Quorum queues also have important differences in behaviour and some limitations compared to classic mirrored queues, including workload-specific ones, e.g. when consumers repeatedly requeue the same message.

Some features, such as poison message handling, are specific to quorum queues.

For cases that would benefit from replication and repeatable reads, streams may be a better option than quorum queues.

Overview

Topics covered in this guide include

and more.

This guide assumes general familiarity with RabbitMQ clustering.

Motivation

Quorum queues are designed to be safer and provide simpler, well defined failure handling semantics that users should find easier to reason about when designing and operating their systems.

These design choices come with constraints. To reach this goal, quorum queues adopt a different replication and consensus protocol and give up support for certain "transient" in nature features.

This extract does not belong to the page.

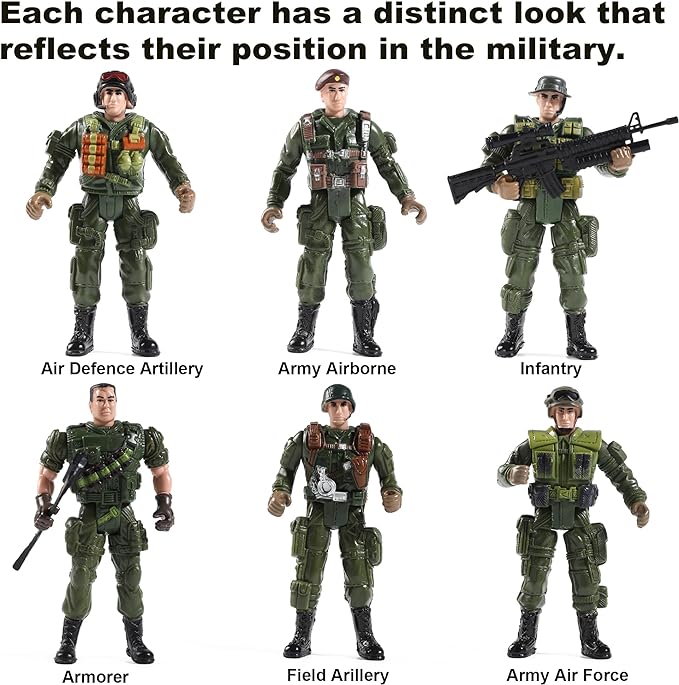 US Army Men and SWAT Team Toy Soldiers Action Figures with Military Weapons Accessories for Kids Boys Girls,12Pcs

These constraints and limitations are covered later in this guide.

What is a Quorum?

If intentionally simplified, quorum in a distributed system can be defined as an agreement between the majority of nodes ((N/2)+1 where N is the total number of system participants).

When applied to queue mirroring in RabbitMQ clusters this means that the majority of replicas (including the currently elected queue leader) agree on the state of the queue and its contents.

Differences from Classic Mirrored Queues

Quorum queues share many of the fundamentals with queues of other types in RabbitMQ. However, they are more purpose-built, focus on data safety and predictable recovery, and do not support certain features.

The differences are covered in this guide.

Classic mirrored queues in RabbitMQ have technical limitations that makes it difficult to provide comprehensible guarantees and clear failure handling semantics.

Certain failure scenarios can result in mirrored queues confirming messages too early, potentially resulting in a data loss.

Feature Comparison with Regular Queues

Quorum queues share most of the fundamentals with other queue types. A client library that can use regular mirrored queues will be able to use quorum queues.

The following operations work the same way for quorum queues as they do for regular queues:

With some queue operations there are minor differences:

Some features are not currently supported by quorum queues.

Feature Matrix

Feature Classic Mirrored Quorum
Non-durable queues yes no
Exclusivity yes no
Per message persistence per message always
Membership changes automatic manual
Message TTL yes no
Queue TTL yes yes
Queue length limits yes yes (except x-overflow: reject-publish-dlx)
Lazy behaviour yes yes through the Memory Limit feature
Message priority yes no
Consumer priority yes yes
Dead letter exchanges yes yes
Adheres to policies yes yes (see policy support below)
Poison message handling no yes
Global QoS Prefetch yes no

Non-durable Queues

Regular queues can be non-durable. Quorum queues are always durable per their assumed use cases.

Exclusivity

Exclusive queues are tied to the lifecycle of their declaring connection. Quorum queues by design are replicated and durable, therefore the exclusive property makes no sense in their context. Therefore quorum queues cannot be exclusive.

Quorum queues are not meant to be used as temporary queues.

TTL

Quorum queues do not currently support Message TTL, but they do support Queue TTL.

Length Limit

Quorum queues has support for queue length limits.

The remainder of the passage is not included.